/ 15 July 2005

Ten die in six suicide bombings in Iraq

At least six suicide bombers blew themselves up in Baghdad and northern Iraq on Friday, killing 10 people and wounding about 60 in attacks targeting Iraqi and United States forces, security officials said.

Five attacks were carried out with cars in Baghdad and the the sixth, in the north of the country, by a man on a motorbike who killed two Iraqi soldiers and wounded a third at a checkpoint in the town of Al-Sharqat.

In Baghdad, eight people were killed and 28 wounded when a suicide bomber struck an Iraqi army checkpoint in Ash-Shab, in the north of town, an interior ministry spokesperson said.

It was not immediately known how many were soldiers and how many civilians.

Another car bomber wounded five Iraqi soldiers and one civilian in an attack on an army convoy near Andalous square, in the city centre.

A third bomber attempted to ram a pickup truck through the main gate of an army camp in Bab al-Moadham, the former defence ministry. The blast wounded 19 Iraqi soldiers.

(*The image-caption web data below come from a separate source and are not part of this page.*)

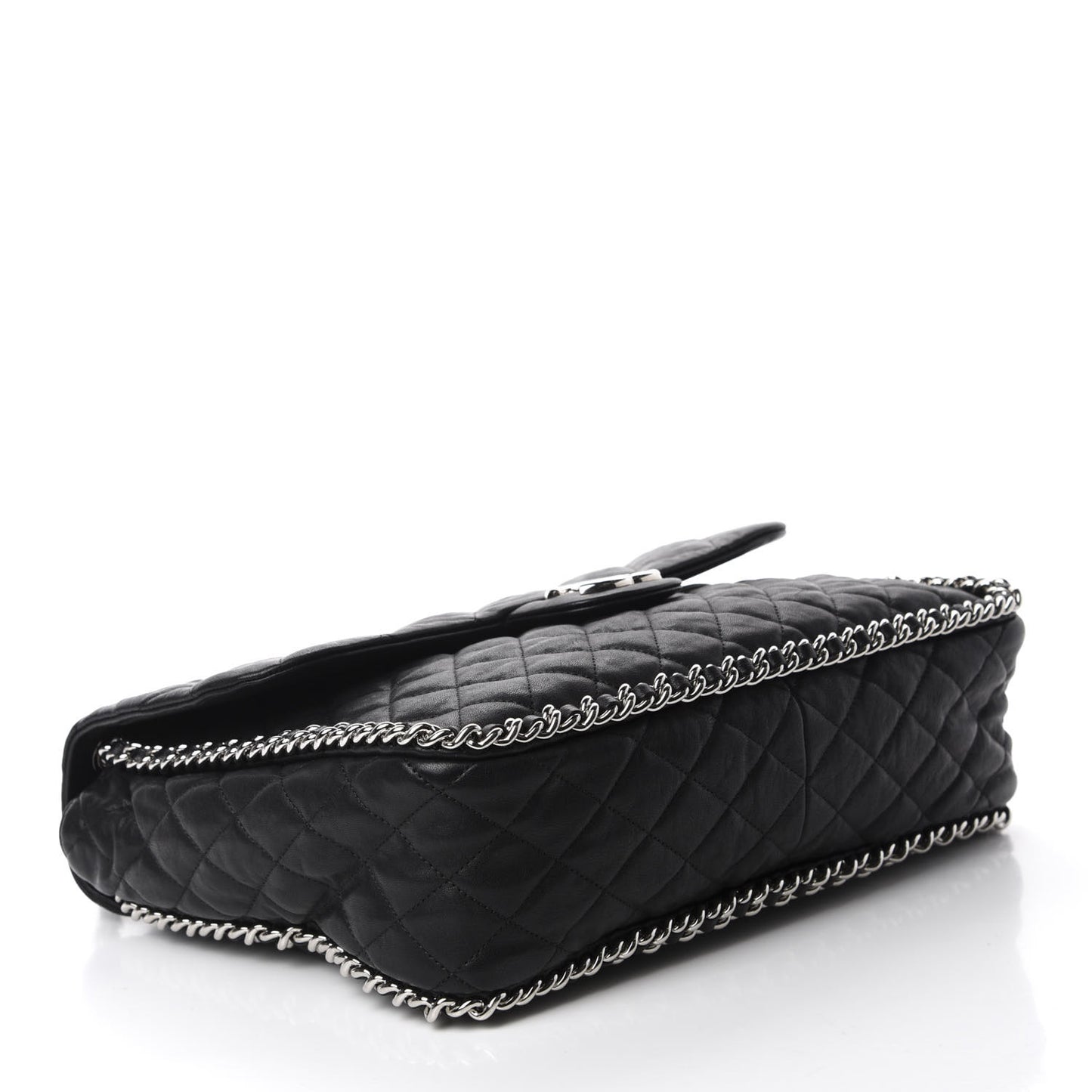 Washed Lambskin Quilted Maxi Chain Around Flap Black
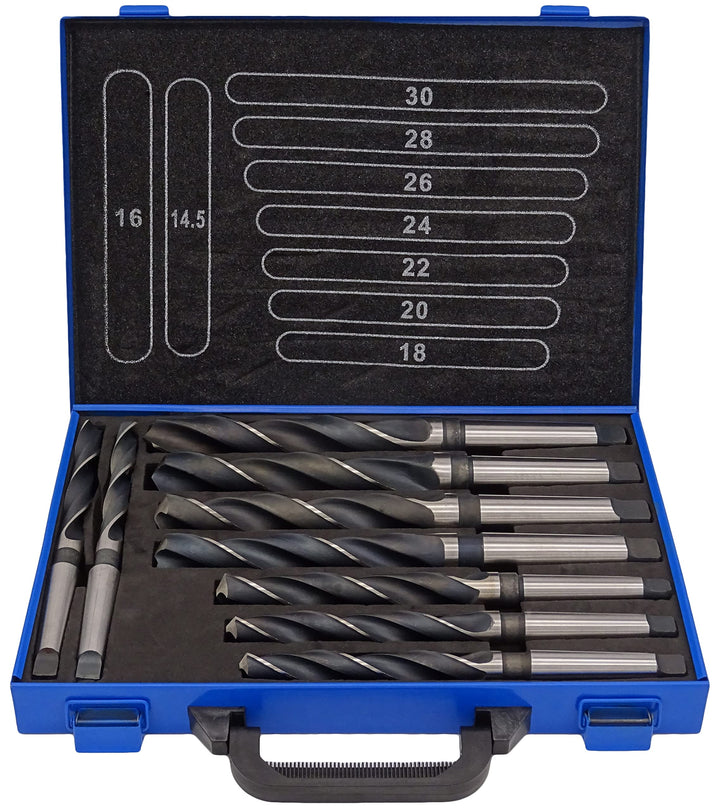 PeTools, Spiralbohrer 9 tlg. HSS Konus-Bohrer, Stahlbohrer 14,5-30mm, Morsekegel MK MK2, MK3 DIN345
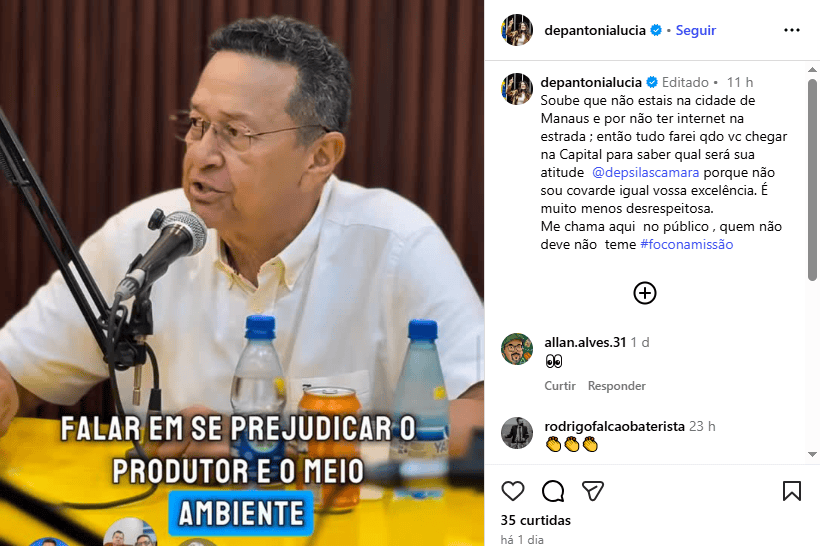 Deputada Antônia Lúcia volta a atacar o marido e o chama de covarde nas redes sociais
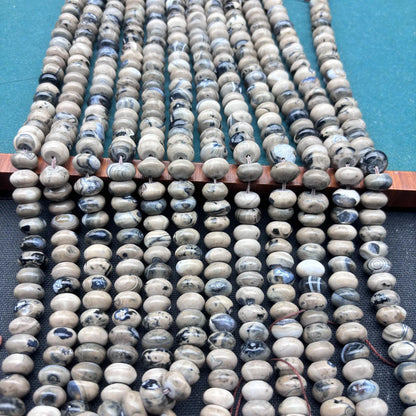 Vintage Achat Rondelle Perlen – Natürliche flache Abacus-Spacer für DIY-Schmuck, Boho-Design, graue Mixfarbe, 1 Strang Steinperlen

US forces also came under attack in the capital. Two US soldiers were hurt by a suicide bomber in the southeast of the capital, the US military said.

And a US convoy was targeted in Al-Amanah, in the southeast of the capital, by yet another suicide bomber who wounded three civilians, police said. There was no immediate word on any US casualties.

US losses since the 2003 invasion meanwhile climbed to 1 753 after the US military reported the deaths of two marines killed by a bomb on Thursday near the Trebil border crossing with Jordan, according to an Agence France Presse toll based on Pentagon figures.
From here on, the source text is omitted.